Five Areas Of Fleet Manager Challenges
Any fleet manager can create a long list of issues they face every day. However, many of them fall into the following five categories. Overcoming these challenges requires practicing consistent fleet risk management. That involves minimizing the chance of incidents that put drivers in danger and/or lead to huge costs for a fleet, including fines, vehicle repairs and even lawsuits.
Driver Behavior and Training
Even as applicants for driver positions leveled off years ago, demand for freight transport has increased. Some expert projections call for the shortage of drivers to reach 250,000 by the end of 2022. With the supply of drivers low, fleet managers want to maximize the productivity of the drivers they have. That includes monitoring behind-the-wheel performance and offering effective driver training.
Technology provides strong support in these areas. In-cab cameras monitor driver behavior, ensuring that those who follow best practices for safety and efficiency are recognized for their efforts. They also help managers identify areas that need improvement for individual drivers and focus their training accordingly.
Vehicle Maintenance
One of the biggest fleet management challenges involves keeping vehicles on the road. Breakdowns on the road mean blown delivery times and costly repairs. Routine repairs, servicing and parts replacement is key to a safe fleet.
Telematics systems can automate this task in two ways.
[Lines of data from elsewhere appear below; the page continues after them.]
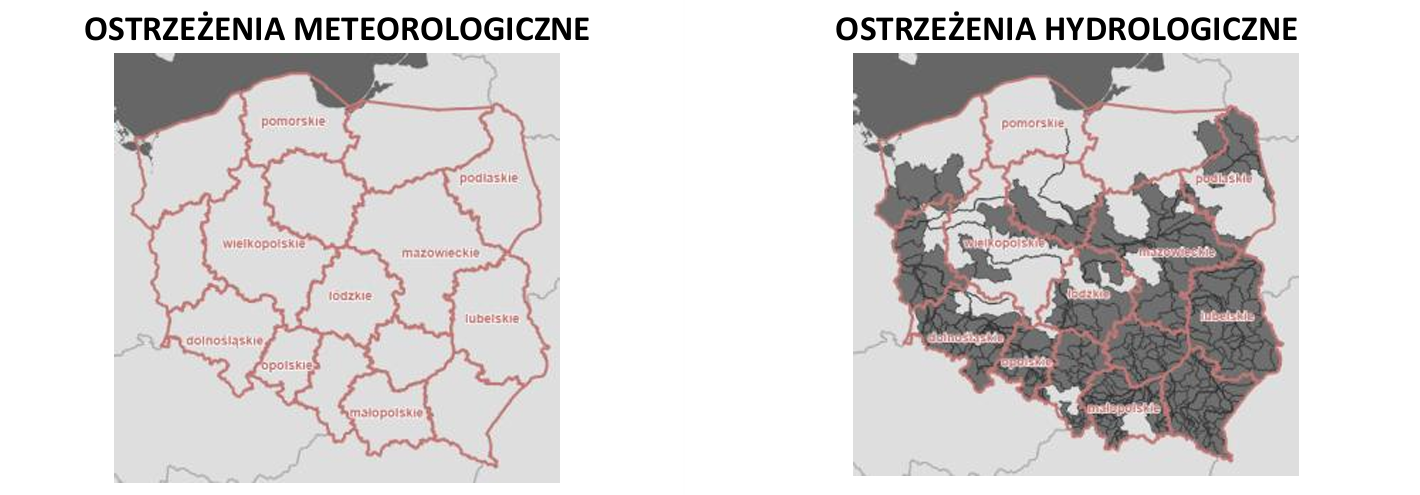 Ostrzeżenia meteorologiczne i hydrologiczne z podziałem na województwa - 15 września 2026. Kolor czerwony dla ostrzeżeń 3 stopnia, pomarańczowy dla 2 stopnia, żółty dla 1 stopnia, szary dla suszy, biały brak ostrzeżeń.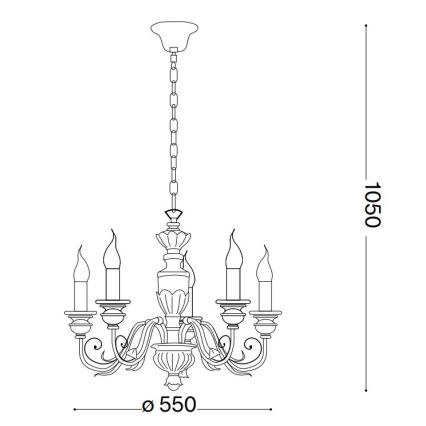 Ideal Lux - Люстра на ланцюгу FIRENZE 5xE14/40W/230V діаметр 55 см білий/золотий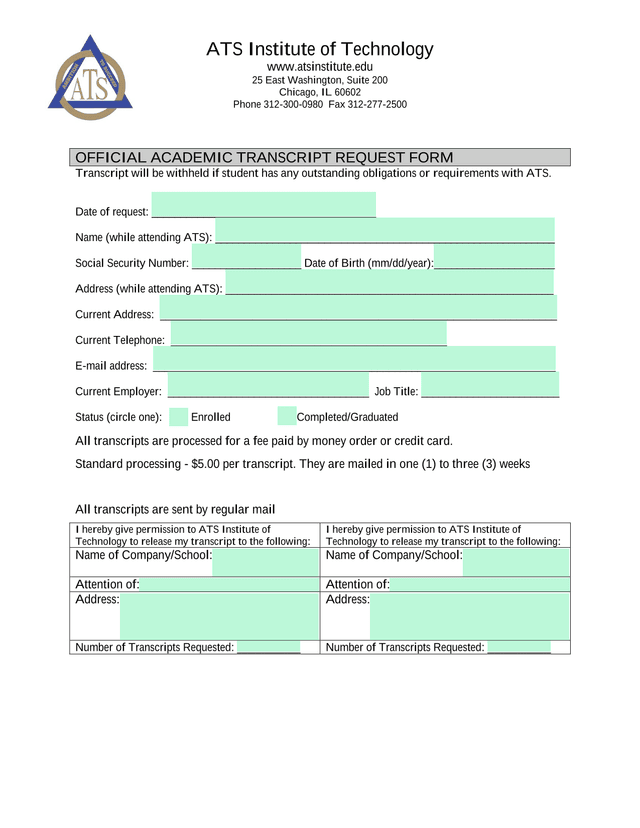 Official Academic Transcript Request Form screenshot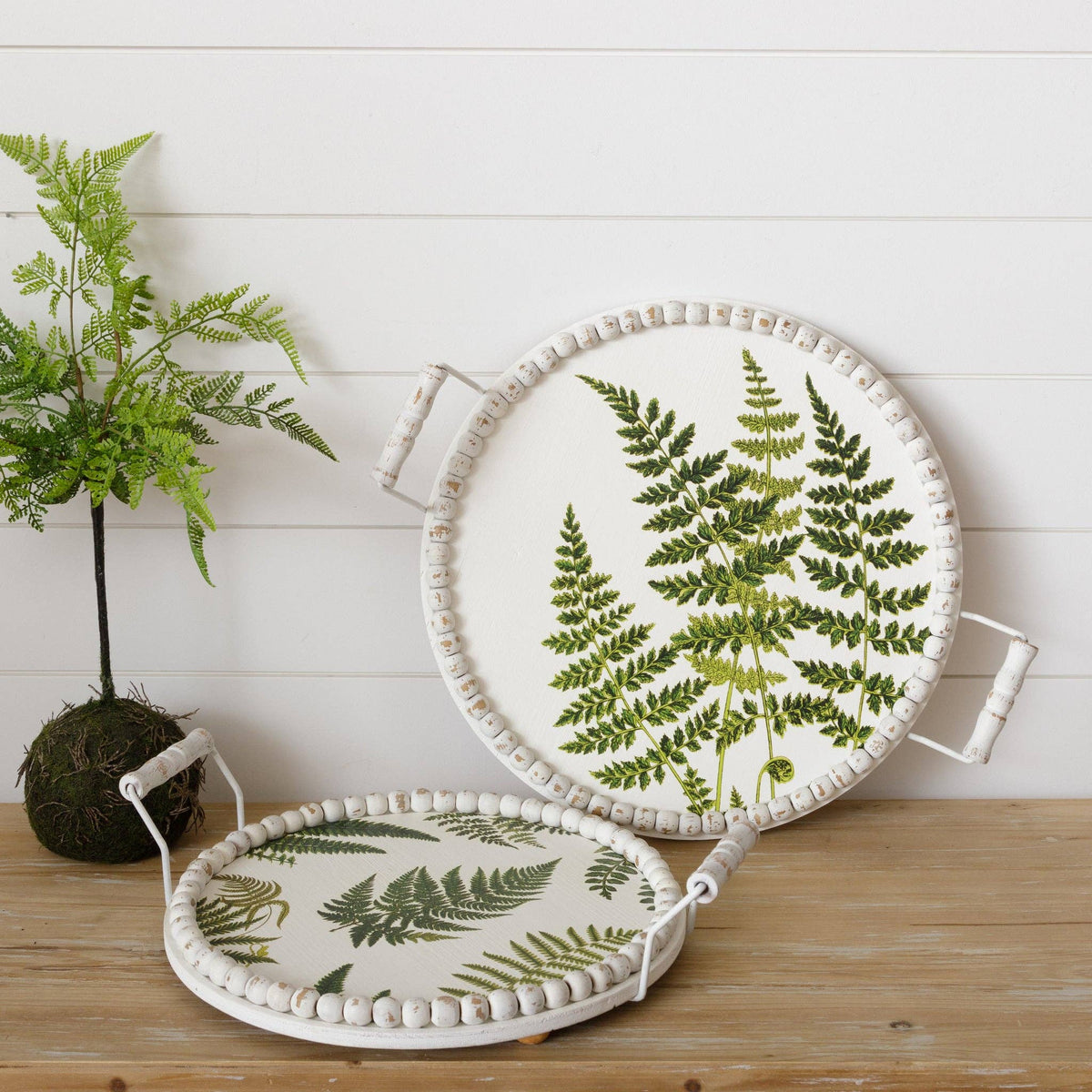 Round Beaded Fern Trays Set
Using connected devices, systems can monitor an engine while it’s in service, detecting issues and providing a warning before they turn into a full-blown problem. They also keep track of routine maintenance needs, giving managers more time to schedule service without disrupting operations.
Reducing Risk of Crashes
The nation’s roads are more unsafe than ever in recent years, with crash rates increasing in the latest government reports. In addition to driver training on issues such a distracted driving and unsafe driving habits, telematics can support better outcomes and reduced risk by providing automated crash avoidance systems that monitor blind spots and provide forward collision and lane departure warnings.
Regulatory Compliance
This is another headache for fleet managers. The amount of paperwork involved with regulatory compliance has only grown in recent years. But telematics systems can automate much of the work involved with collecting and filing reports with government agencies. This includes electronic logging devices that ensure compliance with DOT, FMCSA and FDA regulations, as well as the required reports for the International Fuel tax.
Fuel Costs
Fuel costs have soared in the past year. At one point in the summer of 2022, diesel fuel costs were 68 percent higher than the level in 2021. While prices dropped, they remain higher than the previous year, adding to the burden that fuel costs always place on fleets. Telematics solutions that can help with fuel costs include fuel cards that give managers control over when and where fuel is purchased. Also, systems that monitor driver behavior can provide them real-time warnings when they engage in behavior that leads to higher rates of burning fuel, such as excessive idling or abrupt braking.
Using telematics in these areas can help managers get a handle on fleet management challenges that increase risk and lower productivity and profitability. They give fleet managers an edge that keeps them out in front in a competitive market.